Quanto a essas perguntas, não há
consenso algum que se assemelhe
àquele relativo aos eventos de
1939-45. Nem faltam pessoas insatisfeitas com o desfecho da
Guerra Fria, se bem que sejam
mais raras nos países que pertenciam à órbita soviética.
A compreensão da atual crise
planetária é prejudicada por um
excesso de analogias equivocadas
(e provavelmente inconscientes)
com a Segunda Guerra e sofre
também de um déficit de paralelos úteis que poderiam ser propostos. Por exemplo, não estamos
mais numa época na qual, para
destruir uma fábrica de munições, a RAF (Royal Air Force britânica) precisava arrasar metade
de tal ou qual cidade inimiga.
Um míssil disparado hoje de um
helicóptero acerta um terrorista
em seu apartamento sem danificar a estrutura do edifício. Tampouco voltaremos a ver milhares
de blindados se enfrentando como em Kursk (1943), na URSS, ou
no Passo de Mitla (1973), no deserto do Sinai, nem batalhas aéreas como as travadas sobre Londres em 1940 ou sobre o vale libanês do Bekaa em 1982.
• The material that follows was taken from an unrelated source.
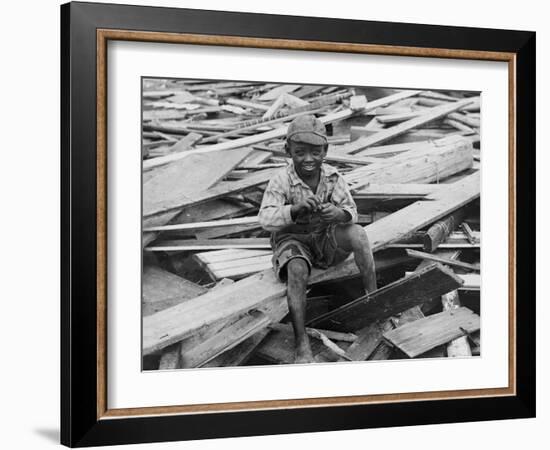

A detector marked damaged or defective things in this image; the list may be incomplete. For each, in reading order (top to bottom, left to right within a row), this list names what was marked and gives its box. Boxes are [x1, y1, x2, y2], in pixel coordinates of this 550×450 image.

Os paralelos pertinentes entre a
Guerra Global contra o Terror e a
Segunda Guerra Mundial são justamente os menos lembrados.
Eles não são bélicos, militares, táticos ou estratégicos, mas antes
ideológicos. Como nos anos 30/40,
as sociedades democráticas e
abertas do Ocidente se vêem
ameaçadas agora por uma ideologia expansionista e imperial, totalitária e triunfalista. Como nos
tempos de então, as elites européias e parcela significativa das
americanas preferem, em troca de
vantagens imediatas, ignorar a
dimensão do perigo. E, como naqueles dias, o rancor que os intelectuais ocidentais dedicam à civilização burguesa os leva a idealizarem o islamismo radical, seguindo de perto aqui seus predecessores que outrora simpatizaram e colaboraram seja com o
stalinismo, seja com o nacional-socialismo.